In December 1982, Lopes lead tiny NAIA Chaminade in what is arguably considered the greatest college basketball upset in history. The Silverswords defeated #1 ranked Virginia with 3-time NCAA Player of the Year, 7’ 4” Ralph Sampson, 77-72. His teams would also defeat perennial national ranked powers Louisville twice, and SMU in the early ‘80’s and pick up the nickname “Giant Killers”.

Excerpts from interview on This Week with Dave Kawada radio show, airing Wednesdays, 9:00a HST,on ESPN 1420 AM Honolulu, &

DK: How’s things on the Big Island (Hawaii)?

ML: It’s raining. We always seem to get it after you guys (in Honolulu on Oahu).

DK: The men’s and women’s basketball teams for the University of Hawaii are going through a tough stretch right now. Did you ever go through a period like that when you were at Chaminade and wonder, “What is going on here?”

ML: Well those are life struggles (laughs). At first I would go to the library thinking that I could find the answers in a book or something. But over the years I’ve come to the conclusion, like the Hawaiians say, “bumbai, pau…” So everything is not going to last forever. They are doing a good job. They just need to go in there and not worry so much about the results and focus on what they are doing. The results will take of itself.

DK: I saw a video once where you had your players lying on their back on the gym floor, their eyes were closed and you were talking to them.
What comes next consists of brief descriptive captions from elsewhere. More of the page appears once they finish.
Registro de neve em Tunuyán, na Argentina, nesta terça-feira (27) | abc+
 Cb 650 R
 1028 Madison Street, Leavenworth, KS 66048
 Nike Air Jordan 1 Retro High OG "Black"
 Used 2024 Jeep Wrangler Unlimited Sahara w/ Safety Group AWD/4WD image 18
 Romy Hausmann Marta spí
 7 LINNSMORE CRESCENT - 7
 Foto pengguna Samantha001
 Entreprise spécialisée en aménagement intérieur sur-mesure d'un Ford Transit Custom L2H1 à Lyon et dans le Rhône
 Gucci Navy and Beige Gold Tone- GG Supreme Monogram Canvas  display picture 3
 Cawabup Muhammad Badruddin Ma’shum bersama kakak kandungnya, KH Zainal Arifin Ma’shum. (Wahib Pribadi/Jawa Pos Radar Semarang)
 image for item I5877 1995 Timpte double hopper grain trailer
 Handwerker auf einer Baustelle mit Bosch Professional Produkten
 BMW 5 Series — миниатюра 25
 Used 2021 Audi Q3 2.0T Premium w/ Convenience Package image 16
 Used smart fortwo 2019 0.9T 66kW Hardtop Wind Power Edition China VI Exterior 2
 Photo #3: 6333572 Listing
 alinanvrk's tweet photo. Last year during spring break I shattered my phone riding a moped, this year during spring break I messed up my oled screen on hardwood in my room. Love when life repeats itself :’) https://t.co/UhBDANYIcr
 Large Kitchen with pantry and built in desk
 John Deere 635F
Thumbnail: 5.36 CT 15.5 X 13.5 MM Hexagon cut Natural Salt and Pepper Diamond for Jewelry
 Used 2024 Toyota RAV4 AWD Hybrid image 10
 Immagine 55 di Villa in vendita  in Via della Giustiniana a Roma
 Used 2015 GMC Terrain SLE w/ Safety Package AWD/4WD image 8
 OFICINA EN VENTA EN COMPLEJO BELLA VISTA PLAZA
Like a visualization exercise. Did you do that often?

ML: I did it for 10 years. I wanted them to focus on the moment and being in the moment and not worry about the past. You only worry about NOW. It took me 15 years to develop this idea and that was a big part of our success. Struggling comes from fear. You fear about this and you fear about that, rather than what you are doing right now. You can say, “Have a good day,”. But a day has several moments in it. The critical thing is to have the players buy in to what the coach is doing. When that happens, good things will follow.

DK: How would you handle a situation in which players are losing their confidence? Such as a shooter who’s not hitting the shots.

ML: My thought is that the player is looking at the result, that the ball needs to go in. But they are not paying attention to what they need to do, technique wise, to make that ball go into the basket. They get too far ahead of themselves and not stay in the moment.

Where are you? I’m standing on this line looking at the basket. I’m going to make it but how are you going to do it. That’s what I tell them. Go back to what you are doing. Line up like this. Get your body balanced. Once you get all that then let it go and not worry about the result. Pay attention to the process.

DK: Which is easier to come out of – shooting poorly, or not defending well?

ML: There is a little philosophy here. To win you need to attack the basket and score. To not be defeated, you must defend. Defense is a good example because you have to be in the moment, are you where you are supposed to be. Lapses come when you think to far ahead. This is not easy because the mind can go everywhere. At the Big Man’s Camp we would just focus in on our breathing. When you inhale, could you feel that? Now exhale and just concentrate on that. Last year Bill Amis (Hawaii senior) came a little late (to the camp). After the first day he came to me and said, “Hey coach, why don’t we do those things we did last year?”

“You mean the breathing?”

“Yeah, I liked that. I thought it was good.”

So we did it at every practice for about 20 minutes.

DK: Do you sometimes pinch yourself when you think about what happened back then and how even now it still carries such a strong memory?

ML: Because I am a firm believer in what is going on now, when people bring it up I just say, “Ah, just shut up.” (Laughs) But really it was good for basketball, good for Chaminade, good for everybody. But it was the players that did it. I was just a part of it. I had players with no fear, and fear takes all the struggles away.